28 January 2014

Is Sarah Palin a RINO?

Earlier this month the Arizona Republican party took the unusual step of censuring U.S. Senator McCain, delegates to a state meeting finding him too liberal on immigration issues. What this means practically is that the party organization won't support him should he seek a nomination for another term, though it remains questionable whether any challenger within the ranks could successfully primary him should he chose to run. Nevertheless, the censure vote signifies that McCain's base has moved further to his right. The entire Republican party appears to be drifting that way, and with that in mind it seems strange to see McCain's erstwhile running mate, ex-Gov. Palin of Alaska, coming to his defense. To the extent that she has any future in electoral politics, Palin's fortunes presumably depend on the good will of Tea Party types, the sort of Republicans, presumably, behind the censure of McCain. In fact, Palin was careful in her statement of support to emphasize that she, too, differs with McCain on immigration issues. While her defense of McCain might well be seen as an act of honor or gratitude toward the man who made her a national celebrity, Palin's gesture also serves to position her in a post-McCain debate to define the Republican agenda.

Palin's defense of McCain amounts to an assertion that foreign policy should remain a high priority for the Republican party. She puts this in terms Tea Partiers might understand by emphasizing McCain's persistence in investigating the Benghazi consulate attack. "Benghazi" has become a catchphrase if not a joke recently. To one side, it signifies a criminal indifference to terrorist threats that disgraces both President Obama and his heir-presumptive, Hillary Clinton. To the other, it signifies a hateful obsession with an issue of relative insignificance for the nation's present and future. Praising McCain for his "steadfastness in demanding truth in the White House's Benghazi cover-up," Palin seeks to remind Tea Partiers that McCain remains a committed enemy of Obama. But Palin's commitment to McCain and his foreign policy is about more than Benghazi. For her, the really important thing about McCain is that "He fights to remind our President that the federal government's first priority must be strong defense of our homeland." To the TPs in Arizona, she pleads, "Despite our differences on some other issues, there is no questioning Senator McCain’s dedication to national security in spite of the White House’s agenda."

In other words, for Sarah Palin national security trumps ideological purity. On one level you can only say, "one should hope!" But in Republican terms Palin seems to be walking a tightrope in an attempt to reconcile the Tea Party movement with a neocon agenda many TPs mistrust due to xenophobia, isolationism, common sense, or other reasons. Tea Partiers may believe that the U.S. is the mightiest country on earth, but they don't seem to feel as great a need to prove it constantly as neocons do, if only because they really, really don't give a damn about anyone else but themselves and thus don't care whether other countries are liberal democracies or not or do business with America or not. If they give a damn about Benghazi, it's probably because they suppose it proves Obama & Co. incompetent or soft on Islam.
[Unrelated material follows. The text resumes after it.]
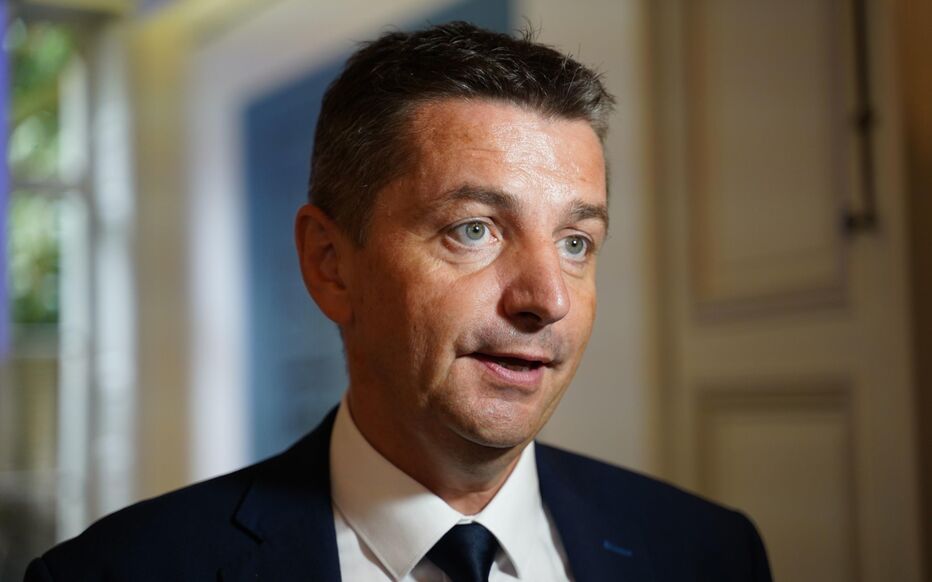Procès du chantage à la sextape : 3 ans de prison ferme requis contre le  maire de Saint-Étienne, Gaël Perdriau - Le Parisien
It doesn't necessarily follow that outrage over Benghazi means a renewed commitment to American domination of the world, but that may be what Palin expects and why she defends McCain against critics who might otherwise be her natural base. Few would think of Palin as a RINO -- "Republican In Name Only" -- but what that means depends on what it means to be a Republican. Whatever the Republicans in Arizona think, Palin has ideas of her own on the subject.

2 comments:

Anonymous said...

"He fights to remind our President that the federal government's first priority must be strong defense of our homeland."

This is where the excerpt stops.